ETCBC / bhsa

Hebrew Bible + Linguistic annotations in text-fabric format. Fixed and ongoing versions.
https://etcbc.github.io/bhsa/
MIT License
49 stars 21 forks source link

nametype feature not always implemented correctly (I assume) #5

Closed oliverglanz closed 4 years ago

oliverglanz commented 4 years ago

Bug/Problem In the bhsa feature description it says that "nametype" is a feature of the objectype "lex". This looks to be the case indeed when checking SHEBANQ. Jer 1:1 shows the presence of three nametype values (2x "pers", 1x "topo): Annotation 2020-09-26 114539

When running a MQL query in SHEBANQ that looks for the value "topo" of the feature "nametype" of the object-type "lex" in Jer 1:1 it should find "Anathot". But it doesn't (https://shebanq.ancient-data.org/hebrew/query?version=2017&id=3479). Instead it finds only a 8 words in all of Jeremiah (there should be more then 500 topos in Jer). "Anathot" in Jer 1:1 is not found, even though it has received the value "topo". The same happens when looking for "pers" in Jer - only 20 are founds while there should be more than 1000.

Annotation 2020-09-26 115837

A quick comparison with the bhsa TF app shows the same results: Annotation 2020-09-26 120149

However, in contrast to the feature description (https://etcbc.github.io/bhsa/features/nametype/) it seems that "nametype" is attached to the object-type word in the bhsa TF app where the accurate results can be retrieved:

Annotation 2020-09-26 120404

The linking of "nametype" with the object-type "word" was not done in SHEBANQ, however:

Annotation 2020-09-26 120626

Conclusion Only a very limited amount of "nametype" values are linked with the object-type "lex". This is true for both the bhsa TF app as well as SHEBANQ 2017. However, all "nametype" values are linked with the object-type "word" in the bhsa TF app.

Suggestion Change the official bhsa feature description and make "nametype" a feature of "word". This is already implemented in the bhsa TF app. The same should be done in SHEBANQ 2017.

dirkroorda commented 4 years ago

Thanks Oliver! Version 2017 cannot be changed, it is fixed version. The conclusion is right: 2017 does not have the feature nametype on word nodes, and that makes things more difficult. But version c has it as you wish.

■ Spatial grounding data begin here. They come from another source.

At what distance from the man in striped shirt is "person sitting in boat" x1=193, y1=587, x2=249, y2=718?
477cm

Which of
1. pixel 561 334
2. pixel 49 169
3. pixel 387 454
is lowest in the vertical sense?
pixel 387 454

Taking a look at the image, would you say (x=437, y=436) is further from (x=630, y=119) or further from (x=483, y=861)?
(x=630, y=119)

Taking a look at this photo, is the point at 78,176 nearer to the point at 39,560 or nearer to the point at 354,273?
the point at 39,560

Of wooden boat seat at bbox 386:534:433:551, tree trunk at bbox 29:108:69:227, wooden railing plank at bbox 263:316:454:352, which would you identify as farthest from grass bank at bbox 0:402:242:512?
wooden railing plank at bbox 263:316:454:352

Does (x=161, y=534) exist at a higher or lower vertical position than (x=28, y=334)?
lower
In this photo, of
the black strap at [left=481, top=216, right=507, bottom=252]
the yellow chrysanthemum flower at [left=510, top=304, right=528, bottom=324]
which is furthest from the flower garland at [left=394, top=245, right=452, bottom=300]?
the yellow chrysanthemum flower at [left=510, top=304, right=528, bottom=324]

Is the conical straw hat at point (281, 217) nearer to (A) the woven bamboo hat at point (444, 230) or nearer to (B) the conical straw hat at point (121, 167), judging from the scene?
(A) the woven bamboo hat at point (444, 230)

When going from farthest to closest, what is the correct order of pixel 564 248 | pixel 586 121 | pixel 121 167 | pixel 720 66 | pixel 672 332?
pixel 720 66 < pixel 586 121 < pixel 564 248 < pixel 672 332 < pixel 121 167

See also https://nbviewer.jupyter.org/github/annotation/tutorials/blob/master/bhsa/cookbook/nametype.ipynb, written in response to Viktor Isaak earlier.

oliverglanz commented 4 years ago

Thank you, Dirk, for the clarification. That is helpful. So the fact that querying (in "bhsa C") "lex nametype" yields less results than "word nametype" has to do with the fact that the object type "lex" overlaps with the object type "word".

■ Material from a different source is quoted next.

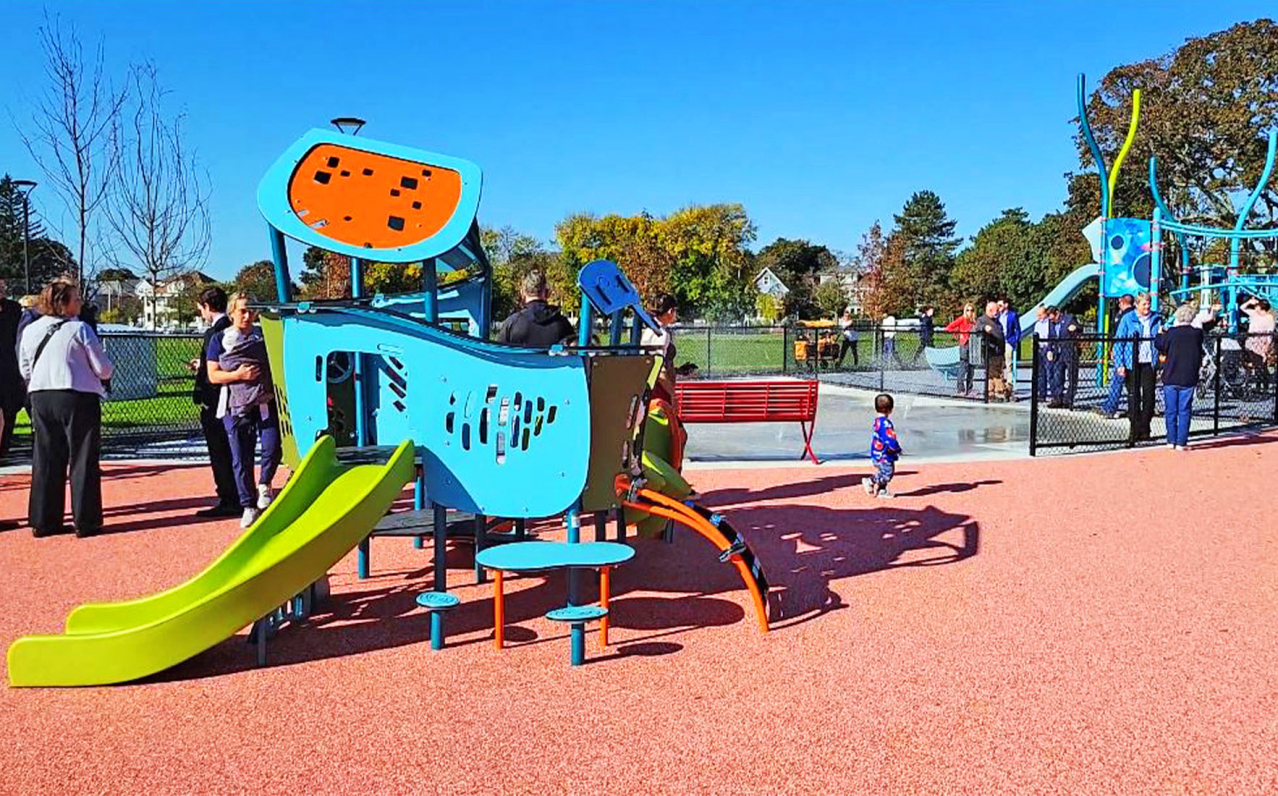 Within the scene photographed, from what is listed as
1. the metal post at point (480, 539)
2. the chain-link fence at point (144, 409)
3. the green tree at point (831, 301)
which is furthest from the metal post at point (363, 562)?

But then there is still a bug in the "C" version of bhsa in SHEBANQ. If version "C" has the "nametype" feature connected to the object type "word" SHEBANQ must run a different version than "C" when I run the MQL query in "C":

Screenshot 2020-09-26 211235

I am told that "nametype" is not a feature of "word"...

If running the same query in TF on bhsa "C" I get what I should get when searching "C":

Screenshot 2020-09-26 211626

dirkroorda commented 4 years ago

You spotted a discrepancy between the version c data as it is in github and as it is used by shebanq. I think I have added lex features to words in version c and published it on GitHub, without feeding it into the pipeline to Shebanq.

dirkroorda commented 4 years ago

I could try and update the c version of shebanq. And it would also be good to prepare a new version, 2020, and add that in Github and Shebanq.

But I think the ETCBC and DANS should agree on that.

oliverglanz commented 4 years ago

Sounds like a plan. Thank you.

dirkroorda commented 4 years ago

I made the pipeline from the BHSA Github repo to SHEBANQ with a view that it be operated by the ETCBC. I still have that view.